*** Opening Information given ***

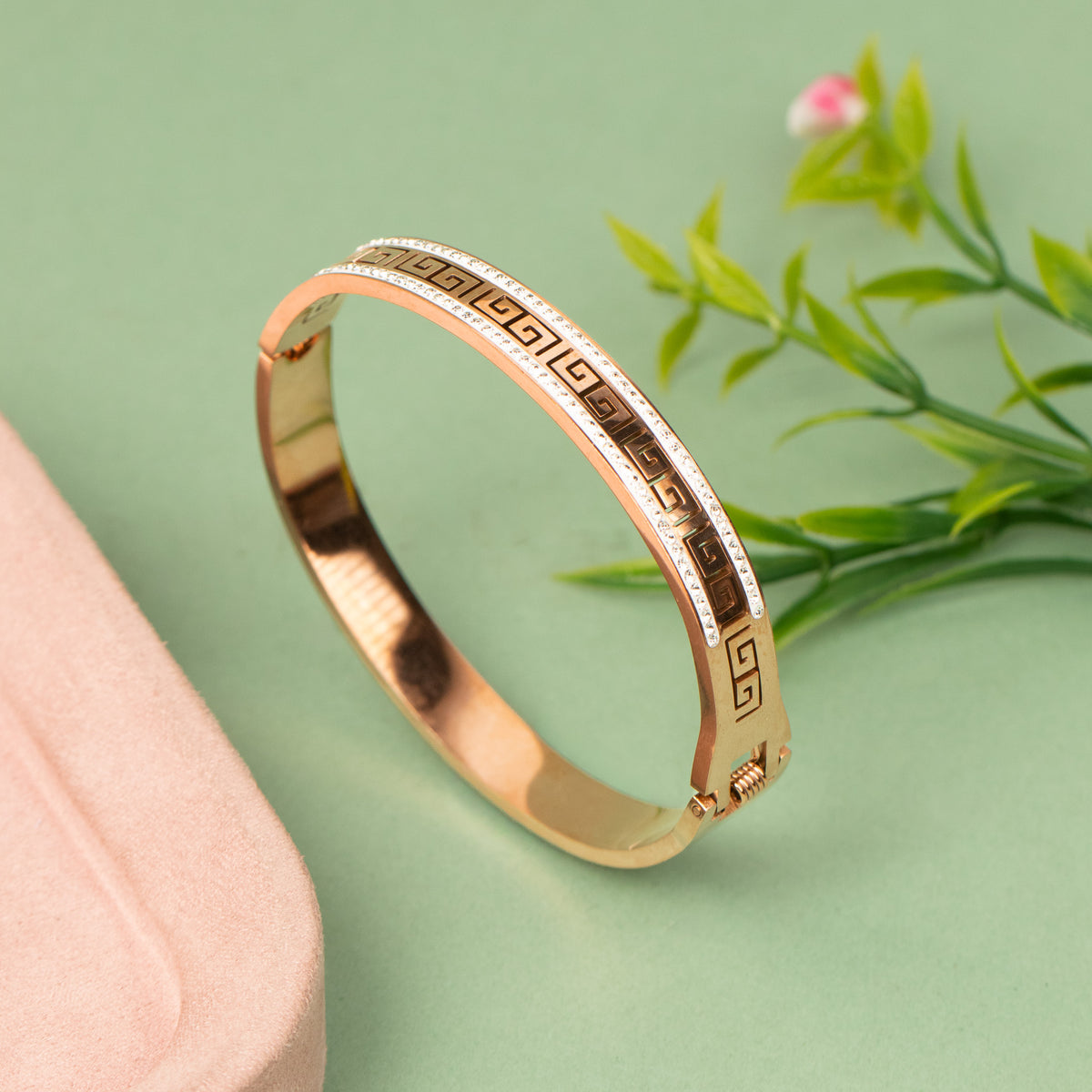 Cuff Bangles B682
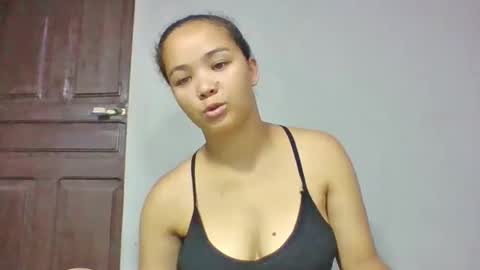 Snapshot of sarhon917962 chatting on April 2026 09:48:02 AM sarhon917962 online show from April 2026 09:48:02 AM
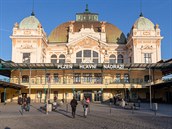 Budovu hlavního vlakového nádraží v Plzni čeká rozsáhlá rekonstrukce. Začne na... Budovu hlavního vlakového nádraží v Plzni čeká rozsáhlá rekonstrukce. Začne na...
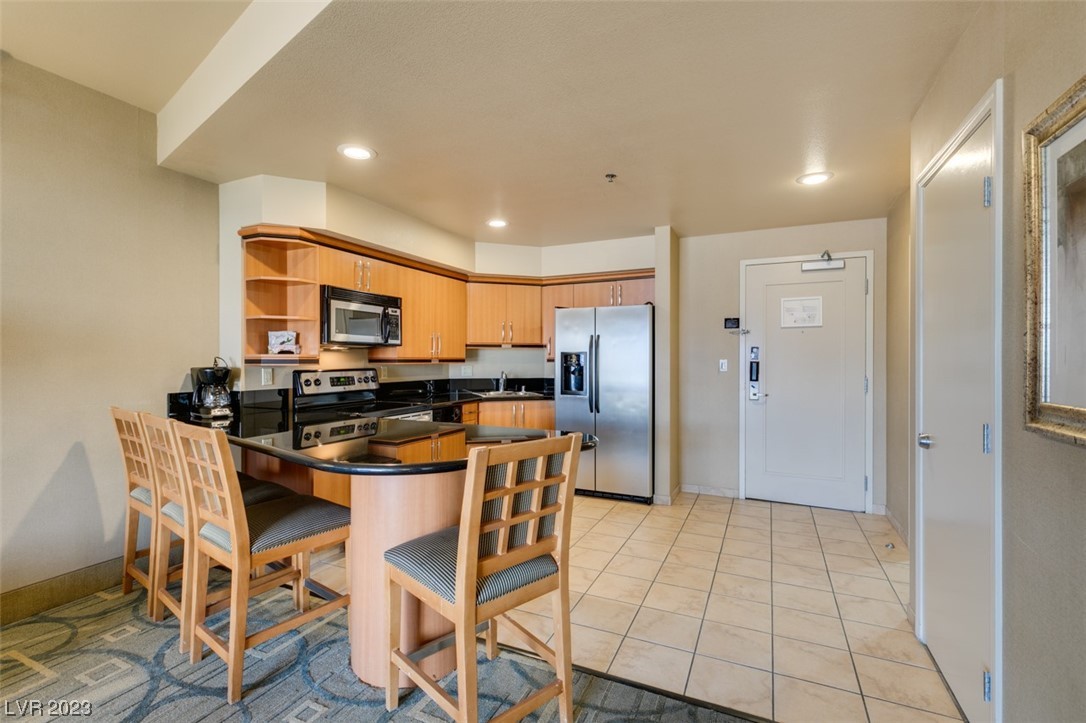 211 East FLAMINGO Road 1405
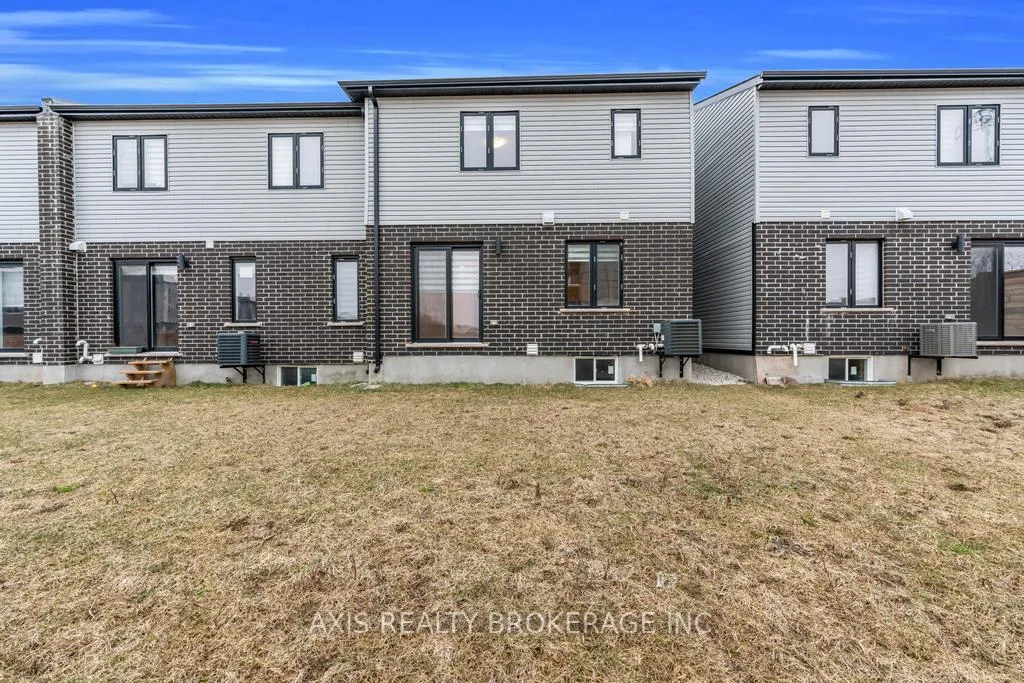 Photo 43 of 2978 Turner Crescent, London, South U — HOMEH
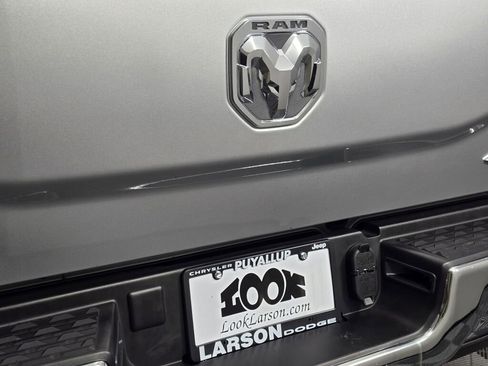 Used 2024 RAM 2500 Big Horn image 17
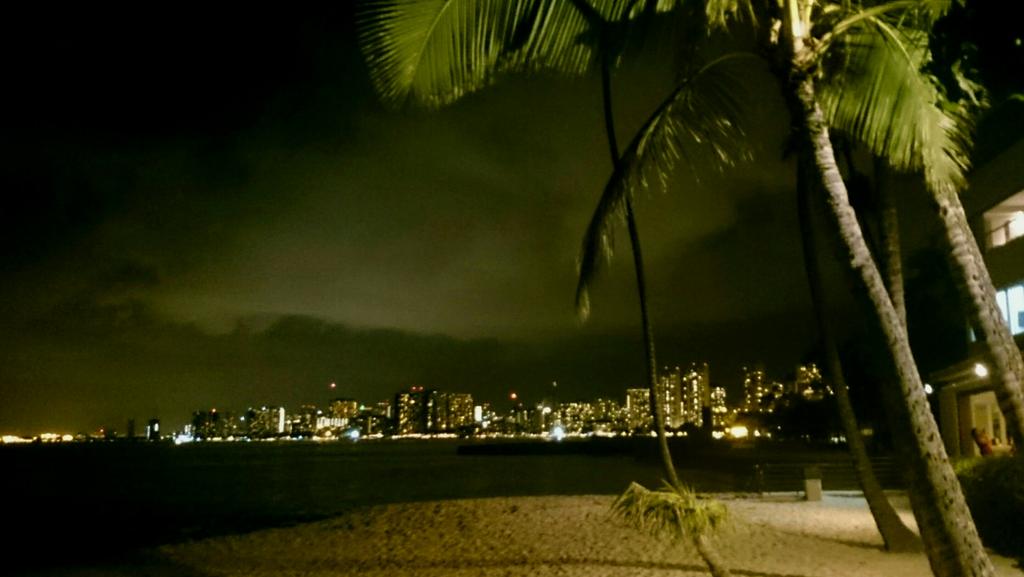 Curtain closes on 2015 #HonoluluMarathon. Day to remember, opportunity to treasure. #sports #SportsBiz #marathon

*** Closing Information given ***

Try it
Exact repetition of the data is needed, with no images retained.

Reply
 Cuff Bangles B682
 Snapshot of sarhon917962 chatting on April 2026 09:48:02 AM sarhon917962 online show from April 2026 09:48:02 AM
 Budovu hlavního vlakového nádraží v Plzni čeká rozsáhlá rekonstrukce. Začne na... Budovu hlavního vlakového nádraží v Plzni čeká rozsáhlá rekonstrukce. Začne na...
 211 East FLAMINGO Road 1405
 Photo 43 of 2978 Turner Crescent, London, South U — HOMEH
 Used 2024 RAM 2500 Big Horn image 17
 Curtain closes on 2015 #HonoluluMarathon. Day to remember, opportunity to treasure. #sports #SportsBiz #marathon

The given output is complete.